START Source material
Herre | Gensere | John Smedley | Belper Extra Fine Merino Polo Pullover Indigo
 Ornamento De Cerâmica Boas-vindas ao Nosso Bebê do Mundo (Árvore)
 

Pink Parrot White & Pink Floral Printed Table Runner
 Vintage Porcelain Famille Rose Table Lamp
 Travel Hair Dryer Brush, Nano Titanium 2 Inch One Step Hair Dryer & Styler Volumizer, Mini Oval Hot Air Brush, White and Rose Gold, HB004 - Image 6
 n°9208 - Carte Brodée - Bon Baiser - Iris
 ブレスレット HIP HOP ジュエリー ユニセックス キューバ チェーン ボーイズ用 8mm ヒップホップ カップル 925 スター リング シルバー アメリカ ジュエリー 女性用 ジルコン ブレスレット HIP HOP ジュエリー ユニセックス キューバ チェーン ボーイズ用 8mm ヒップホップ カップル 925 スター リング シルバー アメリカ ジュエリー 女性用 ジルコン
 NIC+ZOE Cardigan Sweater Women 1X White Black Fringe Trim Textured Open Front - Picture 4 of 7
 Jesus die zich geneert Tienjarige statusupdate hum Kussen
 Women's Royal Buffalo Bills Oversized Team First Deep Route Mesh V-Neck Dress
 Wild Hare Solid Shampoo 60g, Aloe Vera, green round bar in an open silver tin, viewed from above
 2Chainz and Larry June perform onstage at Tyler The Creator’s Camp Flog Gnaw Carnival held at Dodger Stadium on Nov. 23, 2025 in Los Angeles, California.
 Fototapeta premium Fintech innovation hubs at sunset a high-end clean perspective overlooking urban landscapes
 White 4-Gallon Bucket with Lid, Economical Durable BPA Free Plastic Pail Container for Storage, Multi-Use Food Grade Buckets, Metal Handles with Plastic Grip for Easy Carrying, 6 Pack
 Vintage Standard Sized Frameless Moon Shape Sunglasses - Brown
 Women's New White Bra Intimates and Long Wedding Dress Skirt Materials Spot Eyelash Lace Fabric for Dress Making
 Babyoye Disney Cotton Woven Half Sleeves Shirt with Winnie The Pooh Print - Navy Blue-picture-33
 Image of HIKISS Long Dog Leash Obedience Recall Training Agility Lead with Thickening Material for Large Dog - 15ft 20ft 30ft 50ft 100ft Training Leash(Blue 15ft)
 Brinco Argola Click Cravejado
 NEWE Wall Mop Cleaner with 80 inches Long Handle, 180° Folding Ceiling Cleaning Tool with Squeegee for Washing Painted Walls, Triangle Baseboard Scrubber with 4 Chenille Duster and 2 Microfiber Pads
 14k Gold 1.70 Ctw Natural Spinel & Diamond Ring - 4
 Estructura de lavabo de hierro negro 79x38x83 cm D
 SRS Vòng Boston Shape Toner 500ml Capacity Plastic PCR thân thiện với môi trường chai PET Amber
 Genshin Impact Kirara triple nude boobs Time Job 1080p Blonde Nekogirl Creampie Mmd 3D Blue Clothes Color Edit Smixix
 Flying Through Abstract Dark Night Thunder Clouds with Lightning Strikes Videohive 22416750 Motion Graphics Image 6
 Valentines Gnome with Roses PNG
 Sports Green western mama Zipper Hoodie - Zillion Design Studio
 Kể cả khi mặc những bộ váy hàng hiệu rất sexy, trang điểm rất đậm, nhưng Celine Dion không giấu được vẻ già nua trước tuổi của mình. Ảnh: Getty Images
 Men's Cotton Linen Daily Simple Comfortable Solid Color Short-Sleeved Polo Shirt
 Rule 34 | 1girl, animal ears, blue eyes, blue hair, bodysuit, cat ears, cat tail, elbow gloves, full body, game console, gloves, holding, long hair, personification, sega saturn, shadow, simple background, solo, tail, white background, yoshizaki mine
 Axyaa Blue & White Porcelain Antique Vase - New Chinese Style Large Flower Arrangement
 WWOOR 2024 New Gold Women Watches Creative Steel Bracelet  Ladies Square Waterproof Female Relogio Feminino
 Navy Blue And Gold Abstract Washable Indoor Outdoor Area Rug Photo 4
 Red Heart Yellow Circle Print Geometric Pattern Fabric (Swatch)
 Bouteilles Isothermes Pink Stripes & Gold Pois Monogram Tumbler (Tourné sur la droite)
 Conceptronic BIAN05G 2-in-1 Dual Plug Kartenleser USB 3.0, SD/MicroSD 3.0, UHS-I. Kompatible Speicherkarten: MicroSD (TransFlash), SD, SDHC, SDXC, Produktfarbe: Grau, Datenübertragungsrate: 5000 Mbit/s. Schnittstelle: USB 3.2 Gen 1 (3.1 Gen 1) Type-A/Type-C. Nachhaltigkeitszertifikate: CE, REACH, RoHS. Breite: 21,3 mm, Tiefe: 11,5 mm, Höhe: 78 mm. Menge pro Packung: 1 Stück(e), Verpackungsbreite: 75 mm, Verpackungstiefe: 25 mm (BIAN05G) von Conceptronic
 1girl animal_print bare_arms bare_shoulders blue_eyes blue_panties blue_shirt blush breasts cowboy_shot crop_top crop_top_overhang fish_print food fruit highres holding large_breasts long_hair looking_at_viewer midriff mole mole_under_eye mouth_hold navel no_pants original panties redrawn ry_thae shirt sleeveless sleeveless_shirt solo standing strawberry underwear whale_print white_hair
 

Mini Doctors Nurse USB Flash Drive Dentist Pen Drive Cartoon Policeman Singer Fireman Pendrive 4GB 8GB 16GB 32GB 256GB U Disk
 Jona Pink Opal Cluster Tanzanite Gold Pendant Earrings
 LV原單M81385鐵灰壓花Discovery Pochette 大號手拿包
END Source material
### Aim of the exercise
Scan the records above for the word "Pink". Copy each line that has it.

### Response
Pink Parrot White & Pink Floral Printed Table Runner
 Bouteilles Isothermes Pink Stripes & Gold Pois Monogram Tumbler (Tourné sur la droite)
 Jona Pink Opal Cluster Tanzanite Gold Pendant Earrings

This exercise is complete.